* **What the task requires**: The records below must be repeated exactly, but without their pictures.

Caption-style text data:
########################################
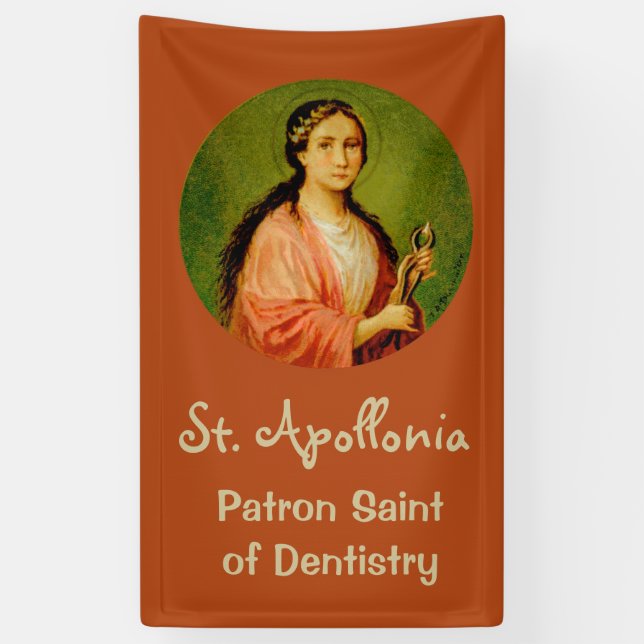 St. Apollonia (BLA 001) Bannière #1 (Vertical)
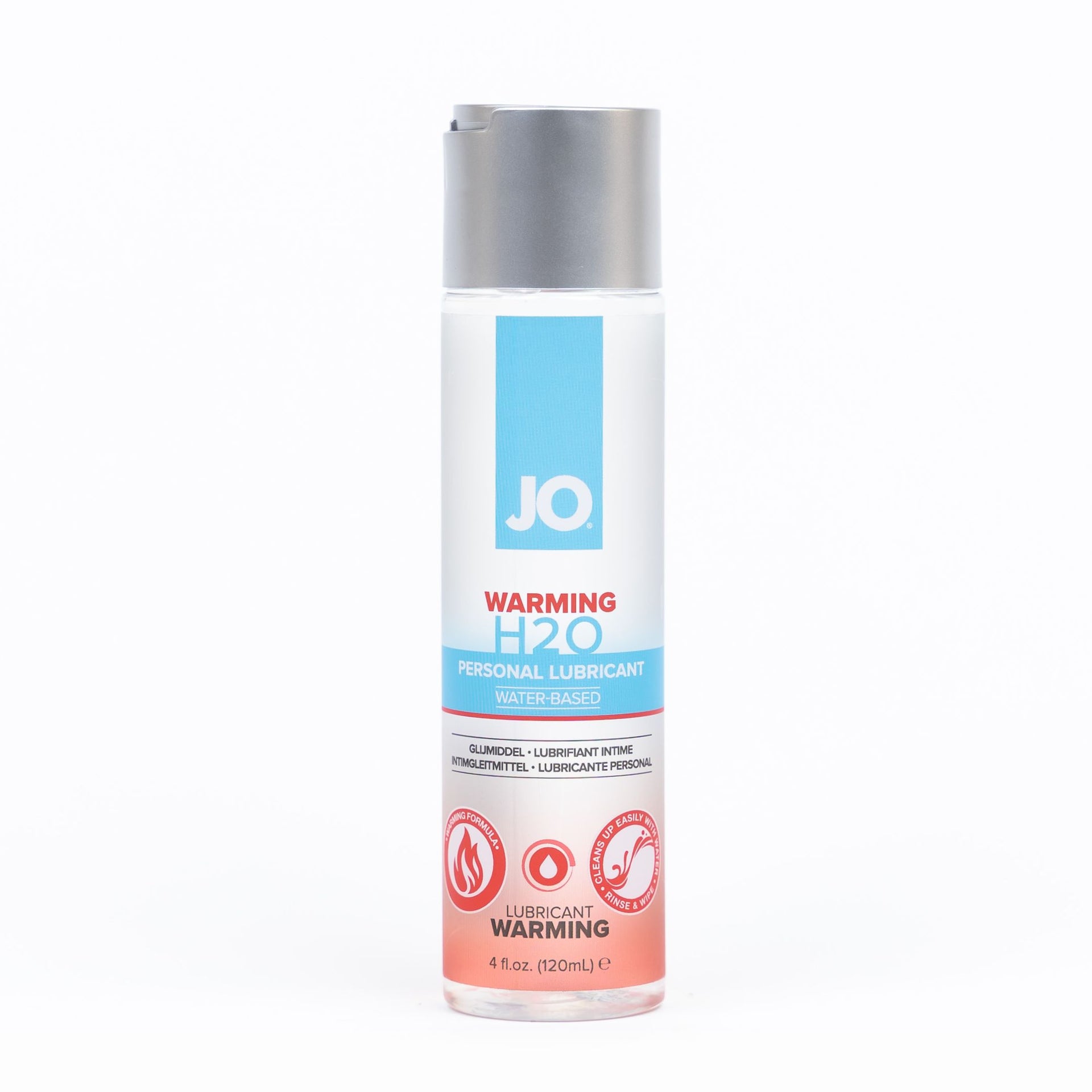 H2O Warming Water Based Lubricant | System JO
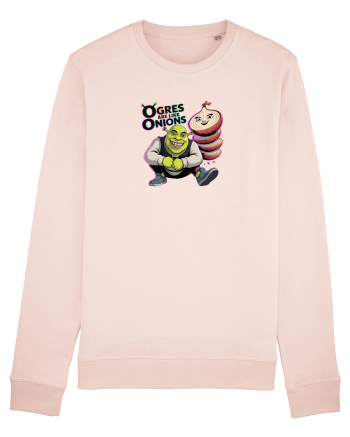 OGRES ARE LIKE ONIONS - Capcaunii sunt ca ceapa, au multe straturi Candy Pink
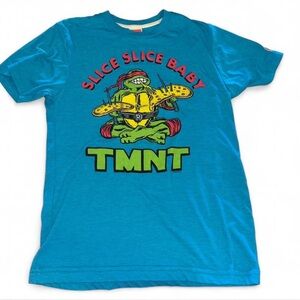 HOMAGE Turquoise TMNT Short Sleeve Tee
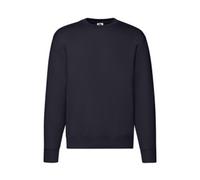 Fruit of The Loom Premium Back Neck Tape Set-In Sweatshirt-Elastane Rib Sweat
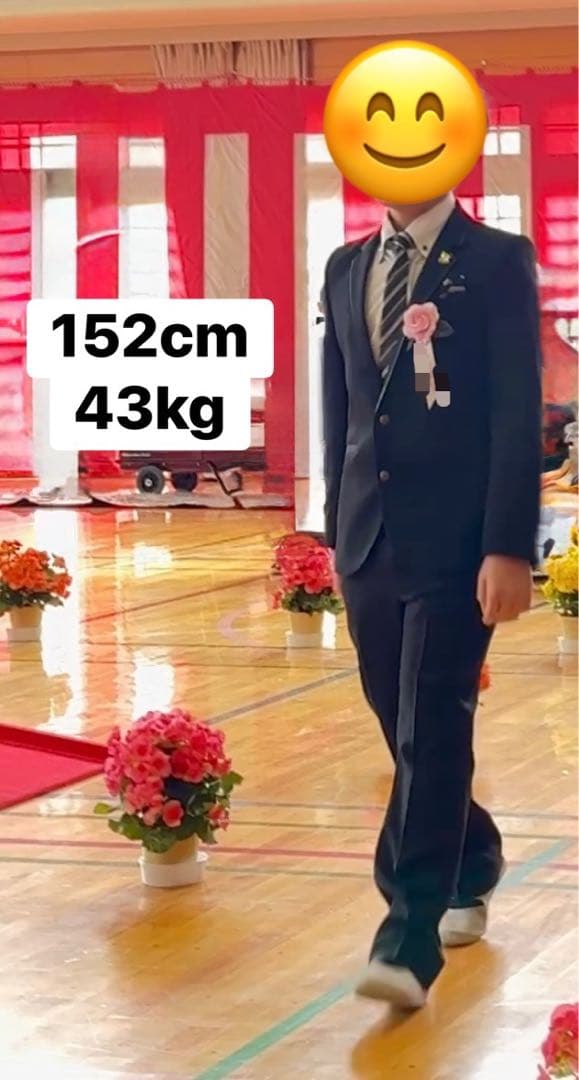 Michelle Alfred 卒業式 男の子 150 スーツ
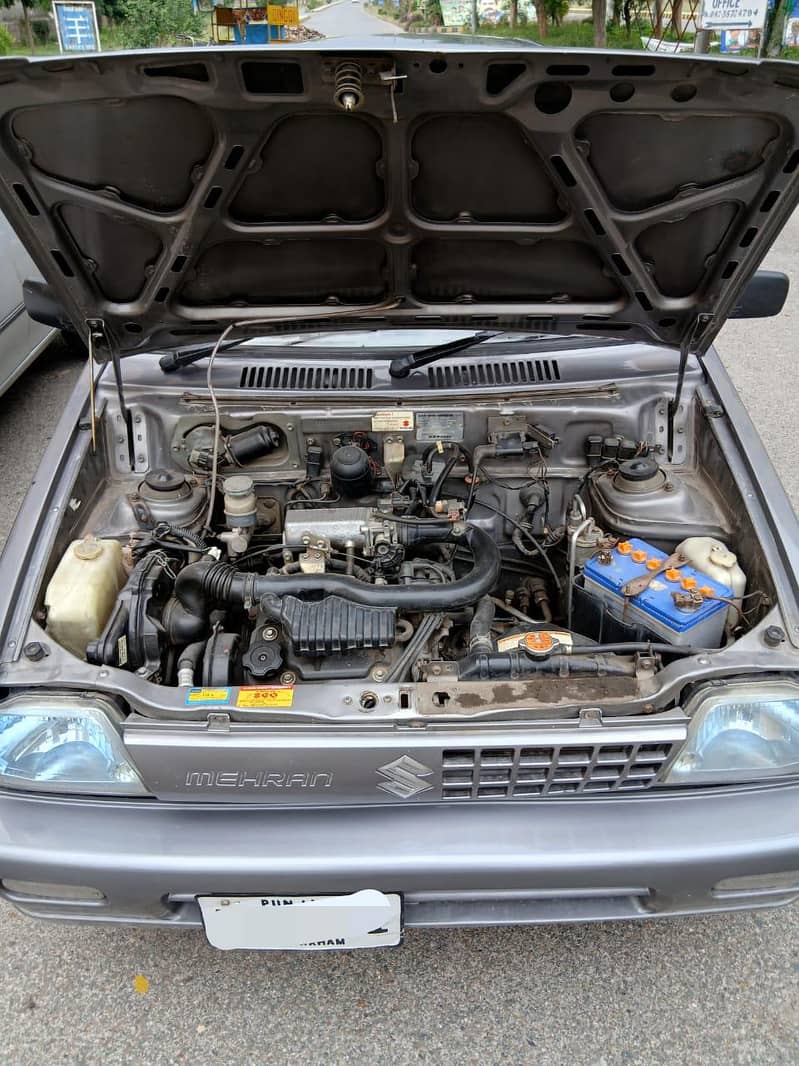 Mehran 2016 Model 10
########################################
* **Response to the task**:
 St. Apollonia (BLA 001) Bannière #1 (Vertical)
 H2O Warming Water Based Lubricant | System JO
 OGRES ARE LIKE ONIONS - Capcaunii sunt ca ceapa, au multe straturi Candy Pink
 HOMAGE Turquoise TMNT Short Sleeve Tee
 Fruit of The Loom Premium Back Neck Tape Set-In Sweatshirt-Elastane Rib Sweat
 Michelle Alfred 卒業式 男の子 150 スーツ
 Mehran 2016 Model 10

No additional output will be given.